Web page caption snippets:

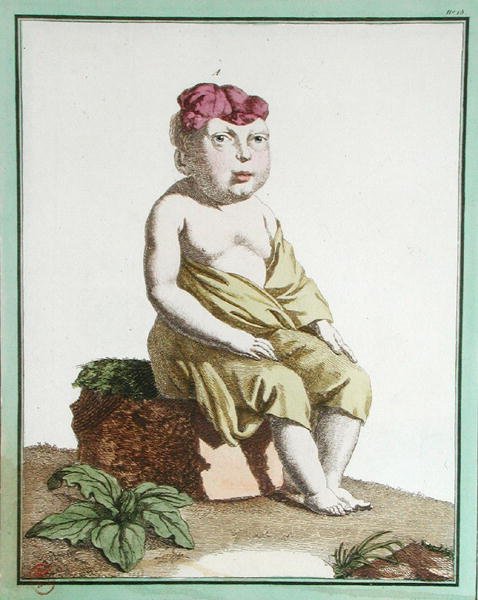 Enfant avec une Moitié de Tête, de 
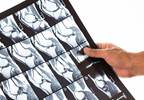 No Benefit for MRI-Guided Treat-to-Target Strategy in Rheumatoid Arthritis No Benefit for MRI-Guided Treat-to-Target Strategy in Rheumatoid Arthritis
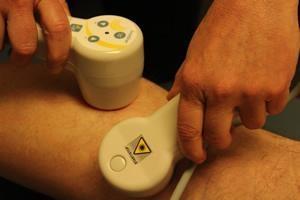 Cold Laser Treatment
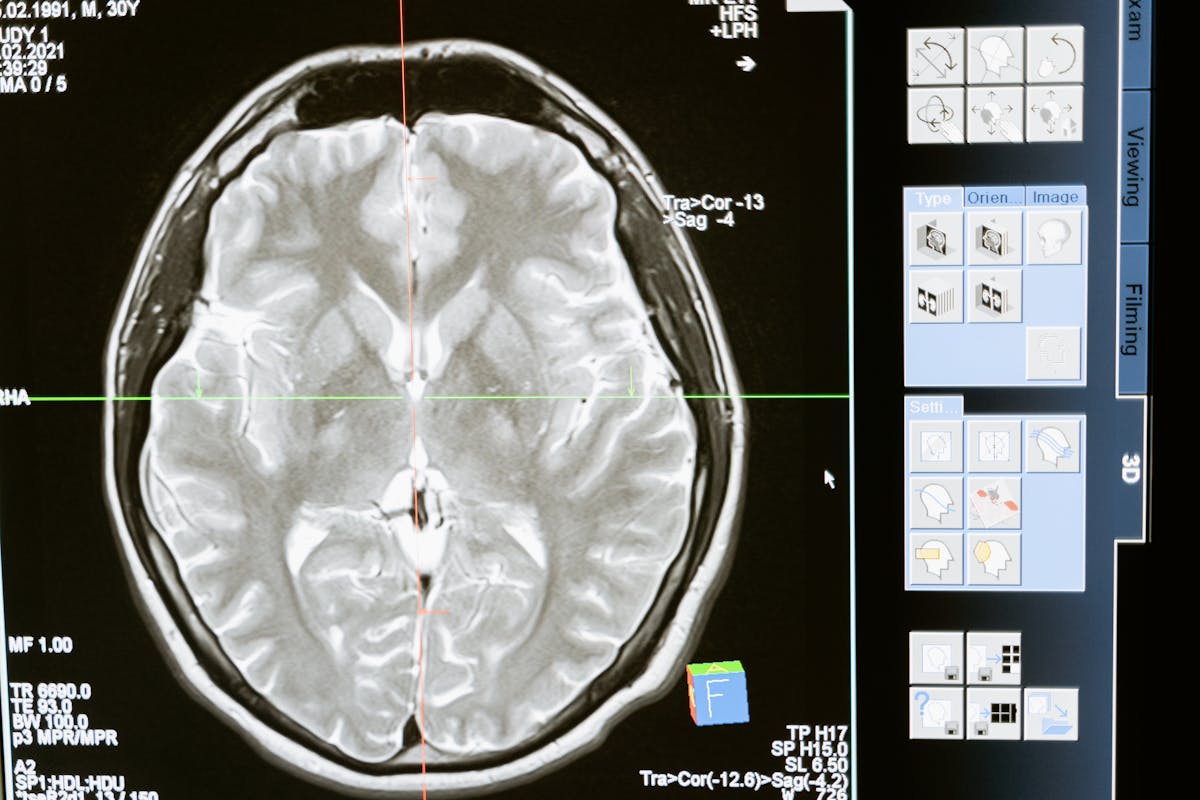 Brain injury x-ray result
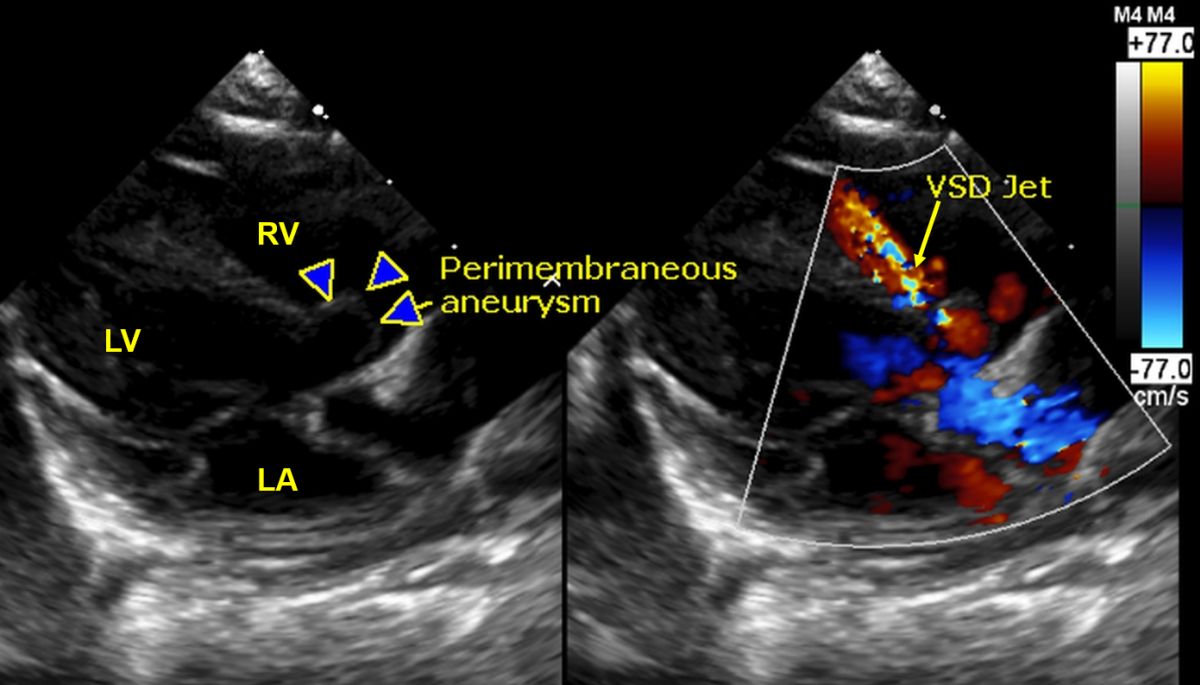 Perimembranous VSD with perimembranous aneurysm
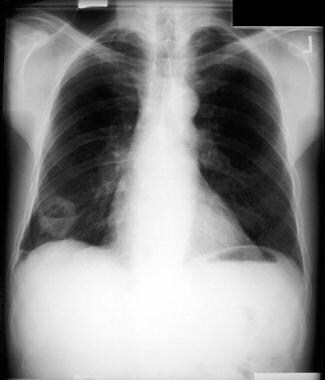 Non–small cell lung cancer. A cavitating right low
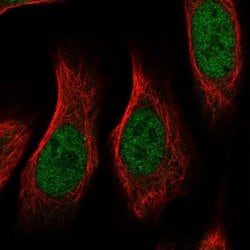 Invitrogen RGMA Polyclonal Antibody 100 &mu;L; Unconjugated:Antibodies,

The task:
Nothing in the records should be changed in the copy, but the pictures must be left out.

Result below:
 Enfant avec une Moitié de Tête, de 
 No Benefit for MRI-Guided Treat-to-Target Strategy in Rheumatoid Arthritis No Benefit for MRI-Guided Treat-to-Target Strategy in Rheumatoid Arthritis
 Cold Laser Treatment
 Brain injury x-ray result
 Perimembranous VSD with perimembranous aneurysm
 Non–small cell lung cancer. A cavitating right low
 Invitrogen RGMA Polyclonal Antibody 100 &mu;L; Unconjugated:Antibodies,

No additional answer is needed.